Riflessioni al Femminile

di Rita Farneti - Indice articoli

 

Quel dolore che non si placa

Novembre 2020

 

Accolgo nelle parole di prefazione del libro di Liliana Segre l’invito a non dimenticare, anche quando diventa doloroso e difficile.
Non solo per la complessità asciutta che impone l’evocare un dolore di altri, ma (anche) perché le voci ancora in grado di offrire una testimonianza verbale saranno sempre meno fino a quietarsi completamente.
Quel dolore che non si placaA noi l’onere di ricordare il ricordo e fare nostro il racconto offerto da altri, ora parte importante ed integrante la nostra esistenza di soggetti della storia.
Il dolore non si cancella, non va evitato anche quando intollerabile ed incomprensibile, va affrontato nel punto più oscuro, disvelato pur nel tormento.
Bene lo sosteneva Giovanni Falcone quando segnalava che il pericolo si insinuava non nel coraggio di pochi, ancora troppo pochi, ma si sostanziava dell’indifferenza dei più.
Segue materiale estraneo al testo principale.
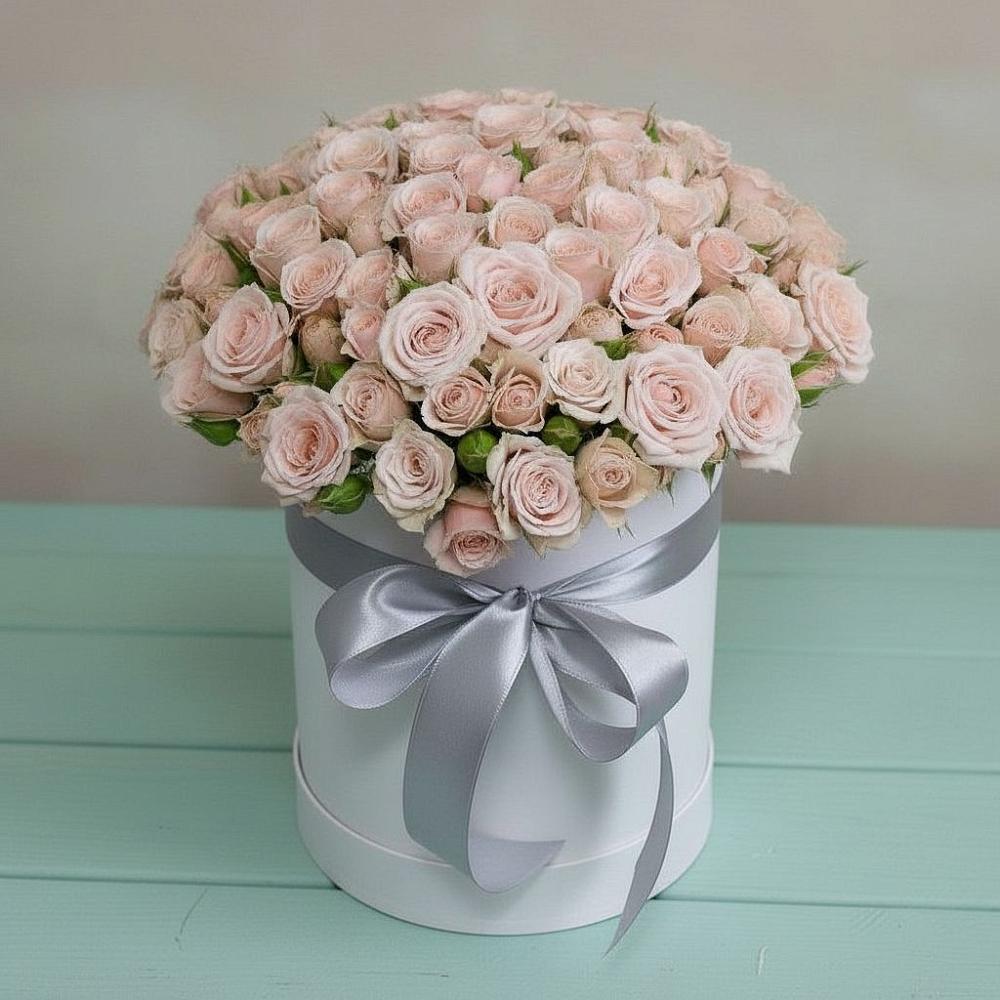 Цветочная композиция из Розы в шляпной коробке в Верее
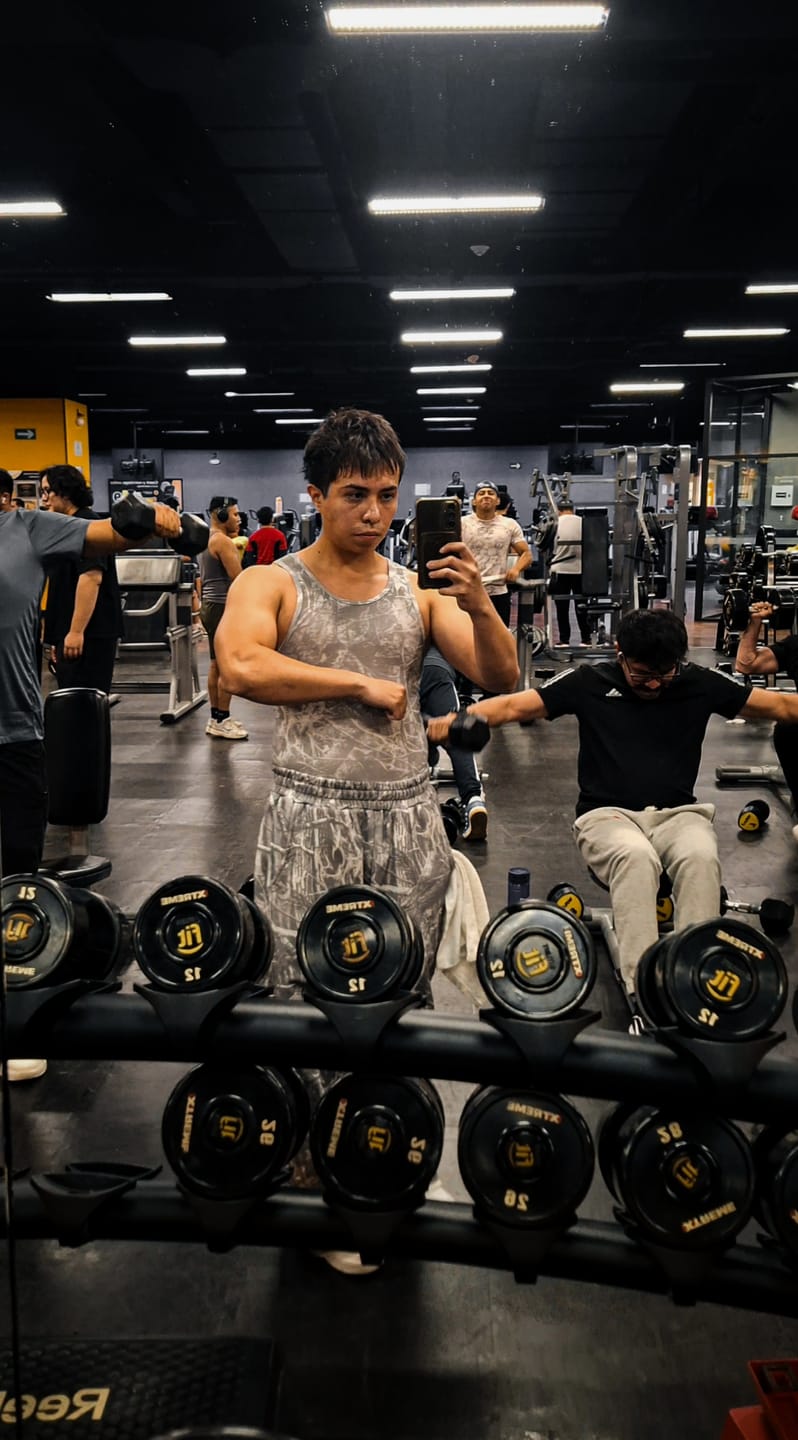 Customer photo review of CAMO HEAVYWEIGHT SWEATPANTS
Ancora troppi.
Soccorrono le parole di Ferruccio de Bortoli, pacate, incisive, profonde.
“La memoria è un vaccino prezioso. Ci aiuta a combattere con intelligenza e moderazione i miasmi del totalitarismo che una società conserva, nonostante tutto, nel suo inconscio, nel retrobottega della sua storia collettiva, familiare, personale.
La memoria è un atto di giustizia postumo, ma è soprattutto un’orazione civile senza la quale si perde la direzione della Storia e si smarriscono le stesse ragioni per le quali siamo insieme, come famiglie, come comunità. Senza memoria il destino è segnato da altri.”
Conclude: “non smetteremo mai di ringraziare Liliana per il suo coraggio e la sua giovanile forza”.
Poteva facilmente questo libriccino prestare eventuale appiglio ad una retorica della commemorazione.
La sostanza del racconto, invece, la scelta degli episodi e, soprattutto, l’atmosfera narrativa che lo anima lo consegnano degno di un pregio letterario, che si aggiunge a più che condivisibili contenuti.
Vibra potente la forza di esistenze incompiute, sacrificate, sommuove il silenzio dell’impotenza.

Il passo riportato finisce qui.